This post is about DIY web scraping tools. If you are looking for a fully customizable web scraping solution, you can add your project on CrawlBoard.
We’ve been using Google docs for creating spreadsheets and other documents for all this while. Did you know that the Google’s own office suite could do a lot more than that? Extracting data from web pages is something that you would have least expected to be possible with Google docs. It is actually easy to crawl data from websites using Google docs by learning a few simple functions.
With these functions, you can import data from websites and further edit it in a Google sheet without actually leaving the sheet. Thankfully, this Google docs web scraping method doesn’t require you to be a programmer or technical person at all. If you are fairly used to Google sheets, you can learn this easy hack and level up your web scraping skills. We will be using two Google docs functions for this- ImportHTML and ImportFeed. Translating the text from one language to another, reading RSS feeds and monitoring website changes are a few of the great applications of this handy feature. Let’s get started with the tutorial!
Web Scraping using Google Sheets
ImportHTML is a handy Google formula that can be used to fetch tables and lists from web pages on the internet into a Google sheet.
Step 1: Let’s begin with an example. Create a new spreadsheet file inside Google docs.
Step 2: Double click on a random cell to get into the edit mode.
Step 3: Copy and paste the following function into the selected cell and press ‘Enter’:
=ImportHTML(“https://en.wikipedia.org/wiki/List_of_American_films_of_2016”, “table”, 2)
When you press enter, Google docs will immediately start importing the second table from the Wikipedia page in question into the current Google sheet. You can also replace the value of the third parameter in this formula from 2 to something else, like 3 or 4. In that case, Google docs will fetch the third or fourth table from the page instead of the second. This way, you can automate fetching data from tables on any web page on the internet.
It is not just that you can fetch into Google docs using the importHTML function. This function can also be used to import HTML lists that are made using the
- or <0l> tags which makes it somewhat versatile.
Fetching RSS feeds into Google sheets
Fetching RSS feeds into your Google sheets is made possible by the ImportFeed function. Here is how to go about doing it.
Step 1: Open a new Google sheet and type in the URL of the RSS feed in cell A1.
Step 2: Type =ImportFeed(A1, “items title”, FALSE, 10) in cell A2
(This will fetch the titles of the newest 10 posts in that feed into column A)
Step 3: TYPE =ImportFeed(A1, “items url”, FALSE, 10) in cell B2
(This will fetch the permalinks of these posts in column B)

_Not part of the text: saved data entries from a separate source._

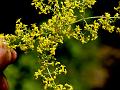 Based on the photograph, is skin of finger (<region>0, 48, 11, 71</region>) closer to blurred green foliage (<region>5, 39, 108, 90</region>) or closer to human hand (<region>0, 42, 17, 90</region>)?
human hand (<region>0, 42, 17, 90</region>)

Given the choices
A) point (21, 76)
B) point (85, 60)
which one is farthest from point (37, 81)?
point (85, 60)

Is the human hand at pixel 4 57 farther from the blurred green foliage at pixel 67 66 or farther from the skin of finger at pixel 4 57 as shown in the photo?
the blurred green foliage at pixel 67 66

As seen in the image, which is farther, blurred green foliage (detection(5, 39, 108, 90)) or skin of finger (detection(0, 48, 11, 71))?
blurred green foliage (detection(5, 39, 108, 90))

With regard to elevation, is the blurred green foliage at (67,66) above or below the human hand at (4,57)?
above

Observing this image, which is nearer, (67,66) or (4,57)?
(4,57)

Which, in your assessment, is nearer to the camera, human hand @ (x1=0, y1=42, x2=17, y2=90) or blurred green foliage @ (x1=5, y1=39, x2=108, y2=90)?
human hand @ (x1=0, y1=42, x2=17, y2=90)

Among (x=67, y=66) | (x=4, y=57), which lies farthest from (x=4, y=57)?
(x=67, y=66)

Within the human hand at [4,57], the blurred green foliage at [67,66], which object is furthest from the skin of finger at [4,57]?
the blurred green foliage at [67,66]

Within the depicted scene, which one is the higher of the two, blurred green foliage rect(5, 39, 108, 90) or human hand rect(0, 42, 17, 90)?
blurred green foliage rect(5, 39, 108, 90)

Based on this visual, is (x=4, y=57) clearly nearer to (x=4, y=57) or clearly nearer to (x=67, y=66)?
(x=4, y=57)

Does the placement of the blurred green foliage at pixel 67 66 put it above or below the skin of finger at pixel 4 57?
above

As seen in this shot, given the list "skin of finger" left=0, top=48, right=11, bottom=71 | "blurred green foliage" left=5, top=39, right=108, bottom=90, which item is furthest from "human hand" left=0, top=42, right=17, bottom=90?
"blurred green foliage" left=5, top=39, right=108, bottom=90

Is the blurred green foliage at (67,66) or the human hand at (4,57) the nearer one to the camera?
the human hand at (4,57) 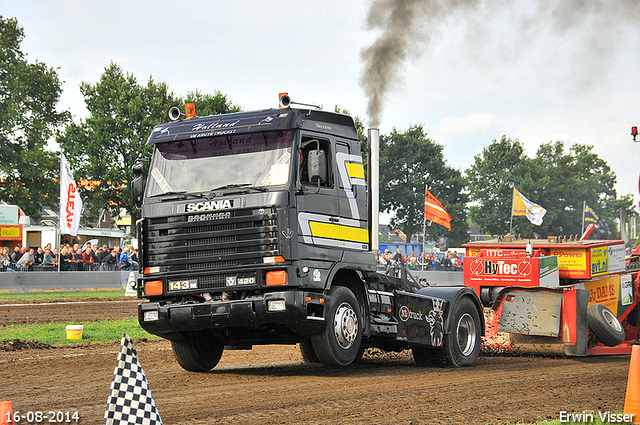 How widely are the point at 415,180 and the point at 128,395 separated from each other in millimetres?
73301

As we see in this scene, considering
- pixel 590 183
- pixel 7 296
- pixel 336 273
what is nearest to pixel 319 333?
pixel 336 273

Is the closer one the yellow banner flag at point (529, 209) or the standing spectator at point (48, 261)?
the standing spectator at point (48, 261)

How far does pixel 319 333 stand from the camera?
8.80m

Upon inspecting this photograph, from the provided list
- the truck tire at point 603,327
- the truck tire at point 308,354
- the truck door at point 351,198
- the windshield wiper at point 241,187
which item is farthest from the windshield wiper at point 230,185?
the truck tire at point 603,327

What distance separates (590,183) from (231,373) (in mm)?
87770

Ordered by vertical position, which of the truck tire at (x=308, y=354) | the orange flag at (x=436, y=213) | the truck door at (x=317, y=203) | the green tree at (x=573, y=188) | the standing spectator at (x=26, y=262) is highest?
the green tree at (x=573, y=188)

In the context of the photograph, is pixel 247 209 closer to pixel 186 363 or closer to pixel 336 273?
pixel 336 273

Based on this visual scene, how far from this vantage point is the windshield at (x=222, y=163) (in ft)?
28.6

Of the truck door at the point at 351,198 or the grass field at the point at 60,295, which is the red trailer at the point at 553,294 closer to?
the truck door at the point at 351,198

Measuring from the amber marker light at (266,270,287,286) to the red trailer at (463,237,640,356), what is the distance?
518cm

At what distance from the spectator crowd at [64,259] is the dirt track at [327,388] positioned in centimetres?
1441

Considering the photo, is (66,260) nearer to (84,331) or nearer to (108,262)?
(108,262)

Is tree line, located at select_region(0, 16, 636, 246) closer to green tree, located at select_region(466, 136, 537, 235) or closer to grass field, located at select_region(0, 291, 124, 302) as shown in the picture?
green tree, located at select_region(466, 136, 537, 235)

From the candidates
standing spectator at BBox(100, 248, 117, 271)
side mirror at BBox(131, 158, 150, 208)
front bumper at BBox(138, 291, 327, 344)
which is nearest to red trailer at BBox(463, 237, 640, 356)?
front bumper at BBox(138, 291, 327, 344) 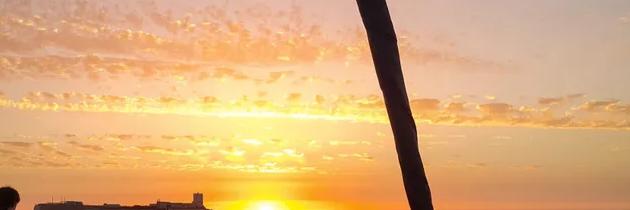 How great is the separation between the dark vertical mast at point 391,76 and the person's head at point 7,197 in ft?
10.9

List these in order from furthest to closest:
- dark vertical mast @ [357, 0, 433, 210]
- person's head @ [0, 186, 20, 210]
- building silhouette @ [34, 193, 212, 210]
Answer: building silhouette @ [34, 193, 212, 210] → person's head @ [0, 186, 20, 210] → dark vertical mast @ [357, 0, 433, 210]

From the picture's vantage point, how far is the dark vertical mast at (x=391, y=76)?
17.6 ft

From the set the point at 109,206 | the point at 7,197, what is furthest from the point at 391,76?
the point at 109,206

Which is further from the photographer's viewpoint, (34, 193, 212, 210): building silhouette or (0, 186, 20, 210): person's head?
(34, 193, 212, 210): building silhouette

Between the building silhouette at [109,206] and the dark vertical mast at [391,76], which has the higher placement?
the building silhouette at [109,206]

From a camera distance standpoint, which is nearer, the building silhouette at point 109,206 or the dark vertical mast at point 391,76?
the dark vertical mast at point 391,76

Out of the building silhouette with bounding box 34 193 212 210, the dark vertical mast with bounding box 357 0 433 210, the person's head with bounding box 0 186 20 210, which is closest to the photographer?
the dark vertical mast with bounding box 357 0 433 210

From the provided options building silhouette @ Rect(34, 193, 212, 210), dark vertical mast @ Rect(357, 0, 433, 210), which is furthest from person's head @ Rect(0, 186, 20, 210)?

Step 3: Type =HyperLink(B2, A2) in cell C2
(This function will combine the titles and URLs to form clickable hyperlinks in the sheet)
Step 4: Copy the formula in Cell C2 into cells C3 until C11
If you want to track price fluctuations for some products on an Ecommerce website, the ImportXML function can be used along with these to achieve the same. We will come up with the next part of this series soon, where that will be discussed.
These Google docs functions can come in handy if you are looking for data to do some research on the web or want to create a database of your own for small to medium requirements. However, this won’t be suitable for more complicated web data extraction requirements. This function would require the data to be presented on the webpage in the table format. For more complex web scraping requirements, it’s better to rely on a web scraping service provider. Moreover, it is always recommended to outsource the scraping process when it comes to large scale data acquisition for business.